= Task description =
Each line below is to be written out once more, precisely as given.

= Exercise material =
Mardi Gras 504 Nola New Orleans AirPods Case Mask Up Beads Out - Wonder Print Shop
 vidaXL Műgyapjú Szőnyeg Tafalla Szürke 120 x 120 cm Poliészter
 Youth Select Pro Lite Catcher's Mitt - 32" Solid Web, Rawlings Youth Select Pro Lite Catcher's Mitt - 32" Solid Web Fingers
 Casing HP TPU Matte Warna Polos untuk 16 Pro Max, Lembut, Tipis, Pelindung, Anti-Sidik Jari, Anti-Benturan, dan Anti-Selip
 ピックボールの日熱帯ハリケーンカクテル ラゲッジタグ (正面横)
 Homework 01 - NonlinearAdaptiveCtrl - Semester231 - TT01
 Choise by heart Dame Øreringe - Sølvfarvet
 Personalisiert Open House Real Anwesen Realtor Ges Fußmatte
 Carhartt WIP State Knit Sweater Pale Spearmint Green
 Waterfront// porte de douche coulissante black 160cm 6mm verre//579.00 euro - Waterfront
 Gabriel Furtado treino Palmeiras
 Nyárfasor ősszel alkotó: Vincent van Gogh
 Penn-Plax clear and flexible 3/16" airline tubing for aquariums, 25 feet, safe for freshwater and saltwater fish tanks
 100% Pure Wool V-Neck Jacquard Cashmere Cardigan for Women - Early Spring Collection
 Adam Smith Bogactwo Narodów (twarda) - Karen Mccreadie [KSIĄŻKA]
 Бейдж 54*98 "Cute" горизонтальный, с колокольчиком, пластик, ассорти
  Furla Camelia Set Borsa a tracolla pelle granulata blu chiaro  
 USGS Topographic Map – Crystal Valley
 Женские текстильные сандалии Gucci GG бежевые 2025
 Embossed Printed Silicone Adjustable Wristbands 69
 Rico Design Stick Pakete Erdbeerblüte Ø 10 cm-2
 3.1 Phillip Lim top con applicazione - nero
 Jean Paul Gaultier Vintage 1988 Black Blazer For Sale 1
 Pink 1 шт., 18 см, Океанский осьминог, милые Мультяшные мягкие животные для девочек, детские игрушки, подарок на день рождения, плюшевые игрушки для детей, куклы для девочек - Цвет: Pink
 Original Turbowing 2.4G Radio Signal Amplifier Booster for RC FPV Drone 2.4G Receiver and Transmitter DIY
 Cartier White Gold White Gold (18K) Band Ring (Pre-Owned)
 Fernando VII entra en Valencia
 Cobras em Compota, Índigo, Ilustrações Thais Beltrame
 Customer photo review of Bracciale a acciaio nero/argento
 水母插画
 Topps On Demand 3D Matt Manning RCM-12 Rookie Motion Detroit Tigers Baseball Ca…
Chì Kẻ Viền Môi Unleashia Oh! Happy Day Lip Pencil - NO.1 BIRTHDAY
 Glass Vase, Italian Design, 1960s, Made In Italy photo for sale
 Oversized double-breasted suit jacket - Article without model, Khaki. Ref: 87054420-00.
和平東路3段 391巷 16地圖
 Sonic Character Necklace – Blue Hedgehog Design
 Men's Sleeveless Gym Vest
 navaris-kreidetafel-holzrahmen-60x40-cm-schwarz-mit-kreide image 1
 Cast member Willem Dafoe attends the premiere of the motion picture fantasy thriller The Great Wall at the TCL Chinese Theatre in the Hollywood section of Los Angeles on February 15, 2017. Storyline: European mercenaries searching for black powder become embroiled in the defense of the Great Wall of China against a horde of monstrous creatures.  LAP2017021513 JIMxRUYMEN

= Answer space =
Mardi Gras 504 Nola New Orleans AirPods Case Mask Up Beads Out - Wonder Print Shop
 vidaXL Műgyapjú Szőnyeg Tafalla Szürke 120 x 120 cm Poliészter
 Youth Select Pro Lite Catcher's Mitt - 32" Solid Web, Rawlings Youth Select Pro Lite Catcher's Mitt - 32" Solid Web Fingers
 Casing HP TPU Matte Warna Polos untuk 16 Pro Max, Lembut, Tipis, Pelindung, Anti-Sidik Jari, Anti-Benturan, dan Anti-Selip
 ピックボールの日熱帯ハリケーンカクテル ラゲッジタグ (正面横)
 Homework 01 - NonlinearAdaptiveCtrl - Semester231 - TT01
 Choise by heart Dame Øreringe - Sølvfarvet
 Personalisiert Open House Real Anwesen Realtor Ges Fußmatte
 Carhartt WIP State Knit Sweater Pale Spearmint Green
 Waterfront// porte de douche coulissante black 160cm 6mm verre//579.00 euro - Waterfront
 Gabriel Furtado treino Palmeiras
 Nyárfasor ősszel alkotó: Vincent van Gogh
 Penn-Plax clear and flexible 3/16" airline tubing for aquariums, 25 feet, safe for freshwater and saltwater fish tanks
 100% Pure Wool V-Neck Jacquard Cashmere Cardigan for Women - Early Spring Collection
 Adam Smith Bogactwo Narodów (twarda) - Karen Mccreadie [KSIĄŻKA]
 Бейдж 54*98 "Cute" горизонтальный, с колокольчиком, пластик, ассорти
  Furla Camelia Set Borsa a tracolla pelle granulata blu chiaro  
 USGS Topographic Map – Crystal Valley
 Женские текстильные сандалии Gucci GG бежевые 2025
 Embossed Printed Silicone Adjustable Wristbands 69
 Rico Design Stick Pakete Erdbeerblüte Ø 10 cm-2
 3.1 Phillip Lim top con applicazione - nero
 Jean Paul Gaultier Vintage 1988 Black Blazer For Sale 1
 Pink 1 шт., 18 см, Океанский осьминог, милые Мультяшные мягкие животные для девочек, детские игрушки, подарок на день рождения, плюшевые игрушки для детей, куклы для девочек - Цвет: Pink
 Original Turbowing 2.4G Radio Signal Amplifier Booster for RC FPV Drone 2.4G Receiver and Transmitter DIY
 Cartier White Gold White Gold (18K) Band Ring (Pre-Owned)
 Fernando VII entra en Valencia
 Cobras em Compota, Índigo, Ilustrações Thais Beltrame
 Customer photo review of Bracciale a acciaio nero/argento
 水母插画
 Topps On Demand 3D Matt Manning RCM-12 Rookie Motion Detroit Tigers Baseball Ca…
Chì Kẻ Viền Môi Unleashia Oh! Happy Day Lip Pencil - NO.1 BIRTHDAY
 Glass Vase, Italian Design, 1960s, Made In Italy photo for sale
 Oversized double-breasted suit jacket - Article without model, Khaki. Ref: 87054420-00.
和平東路3段 391巷 16地圖
 Sonic Character Necklace – Blue Hedgehog Design
 Men's Sleeveless Gym Vest
 navaris-kreidetafel-holzrahmen-60x40-cm-schwarz-mit-kreide image 1
 Cast member Willem Dafoe attends the premiere of the motion picture fantasy thriller The Great Wall at the TCL Chinese Theatre in the Hollywood section of Los Angeles on February 15, 2017. Storyline: European mercenaries searching for black powder become embroiled in the defense of the Great Wall of China against a horde of monstrous creatures.  LAP2017021513 JIMxRUYMEN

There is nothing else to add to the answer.